As the Center for Retirement Research put it in its study, “Saving is an individual decision, but the adequacy of retirement income is a household affair.”

It said that if only one person is saving to prepare for retirement of two, it would seem logical that the saver should be setting aside more than if both are saving. Yet it found that savings rates don’t reflect that.

For a couple with only one earner, it found an average household savings rate of 8.6 percent. If both are working, that rate increases to 9.4 percent of household income if both are saving, but actually falls to 8.4 percent if only one is saving.

“The individuals who should have the highest saving rate – those with an earning, non-saving spouse – actually have somewhat lower saving rates than the other groups. In other words, these individual savers do not seem to realize that they need to pick up the slack for their spouse,” it said.

“Dual-earner households with just one saver save too little. This re­sult is discouraging because these households should have a leg up for saving for retirement; after all, they have two earners . . . until something is done, dual-earner couples are likely to end up less prepared for retirement than they could be,” it said.

It found that factors such as the employer matching formula are more strongly linked to savings rates than whether an account will have to support just one or two people.

One quick thing to check if you’re a two-earner household and both with access to the TSP or other 401(k) type programs: are you getting the most out of the available matching contributions from your employer?

In the federal employment realm, about 95 percent of active employees fall under the FERS system, which has employer contributions equal to an automatic 1 percent of salary plus an additional maximum of 4 percent if the individual saves at least 5 percent personally.
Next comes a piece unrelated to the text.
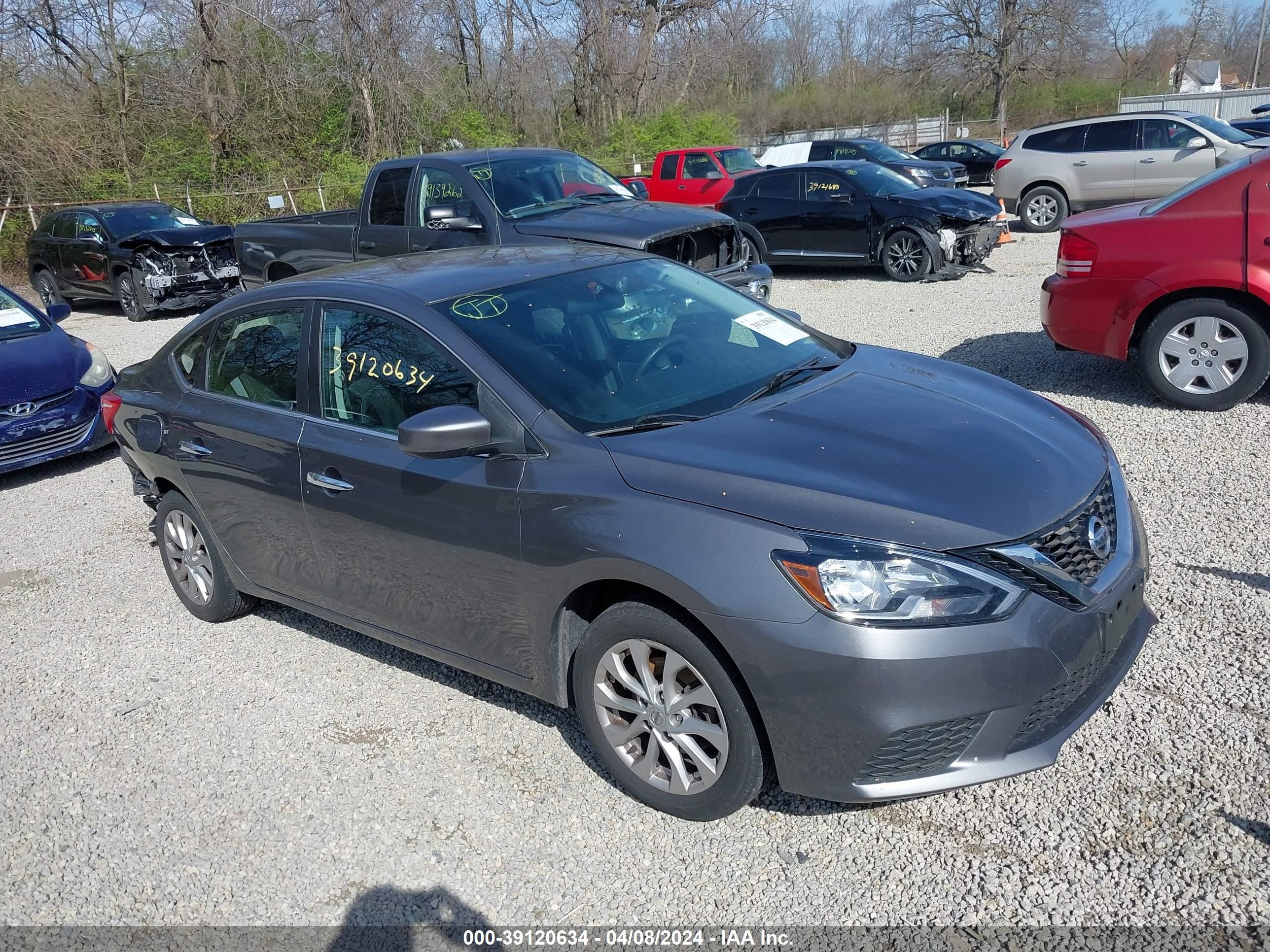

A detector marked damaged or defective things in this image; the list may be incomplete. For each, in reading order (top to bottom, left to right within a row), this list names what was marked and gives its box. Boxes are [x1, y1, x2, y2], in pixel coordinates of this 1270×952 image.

Above 5 percent, while the tax advantages continue to apply, there is no further government contribution.

So, if only one of you is investing, and is investing beyond the level of the maximum match—as the data suggests is common—you could be leaving money on the table. Better to put the additional into an account for the other and capture matching contributions there as well.

Is that a problem for federal employees? Data from the TSP suggest that it is. Its most recent report on the topic, from 2017, shows that 53 percent of FERS participants are investing more than the 5 percent of pay needed to capture the maximum match. However, another 19 percent are investing less than what they need to get the maximum, including 7 percent who are not investing any personal money and therefore are getting only the automatic government contribution. (Those under CSRS do not get matching contributions but they do get the same tax advantages.)
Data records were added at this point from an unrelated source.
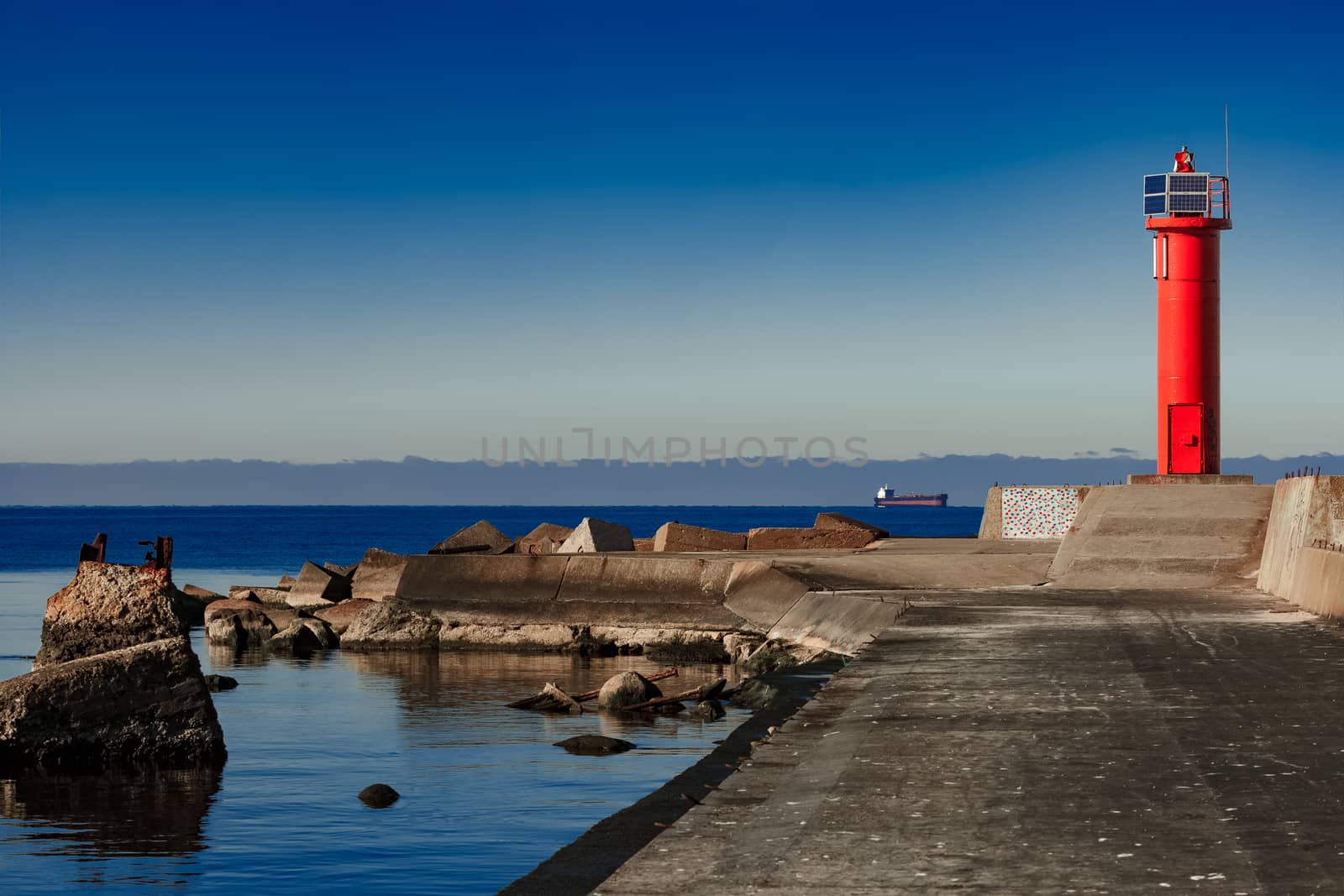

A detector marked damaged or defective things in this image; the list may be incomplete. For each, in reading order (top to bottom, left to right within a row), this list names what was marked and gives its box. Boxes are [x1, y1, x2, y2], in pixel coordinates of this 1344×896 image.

broken concrete slab [430, 518, 513, 553]
broken concrete slab [513, 521, 572, 556]
broken concrete slab [559, 518, 637, 553]
broken concrete slab [655, 518, 753, 553]
broken concrete slab [0, 637, 225, 778]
A second federal benefit also needs to be taken into account: survivor benefits on your federal annuity. In that way, federal employees have an advantage over many—not all, certainly—private sector employees, where defined benefit programs comparable to CSRS and FERS have withered in recent years. But you still have to be sure to understand what the benefit will do, and more importantly what it won’t do, for your spouse should you be the first to die after your retirement.

Right up front, you have to provide for a survivor benefit in the first place. Providing a full survivor benefit is the default choice, so that makes it easier. But don’t confuse “full survivor benefit” with “full benefit.” The full survivor benefit is 55 percent of your annuity if you’re retired under CSRS and 50 percent under FERS; for that there is a reduction in your annuity as you receive it of 10 percent in the latter case, almost 10 percent in the former.
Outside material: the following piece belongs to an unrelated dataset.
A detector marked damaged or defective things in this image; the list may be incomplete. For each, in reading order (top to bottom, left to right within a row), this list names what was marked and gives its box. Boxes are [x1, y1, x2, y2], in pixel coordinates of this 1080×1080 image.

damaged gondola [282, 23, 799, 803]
Both systems also offer the choice of reduced benefits. Under FERS, the only option is a 25 percent benefit, which costs a 5 percent reduction in your annuity as you’re receiving it. Under CSRS, it’s more complicated because you can choose any amount below 55 percent, with a corresponding reduction in the cost.

Or—danger alert—you can, with your spouse’s written consent, provide no survivor benefit. Some who enter retirement do that, arguing that they can do better by taking their own full benefit and using the money the survivor benefit would have cost in some other way. Just be very careful about this and remember one important fact: the government is paying a share of the value of a civil service survivor benefit—your contributions toward retirement while actively employed are/were your share—and by going it on your own you are forfeiting the government share.

One other important fact: to keep your spouse eligible for FEHB benefits—and the share the government pays toward its premiums—after your death, you must provide for a survivor annuity, unless your spouse would be eligible on his or her own account, such as through his or her own federal employment. Continued eligibility for employer-sponsored health insurance after retirement, with the same employer contribution toward premiums as for active employees and continued eligibility for spouses, is another benefit that is now rare in the private sector but that the government still provides its own employees.

Putting food on the table for both of you in retirement should start with not leaving any of your benefits on the table.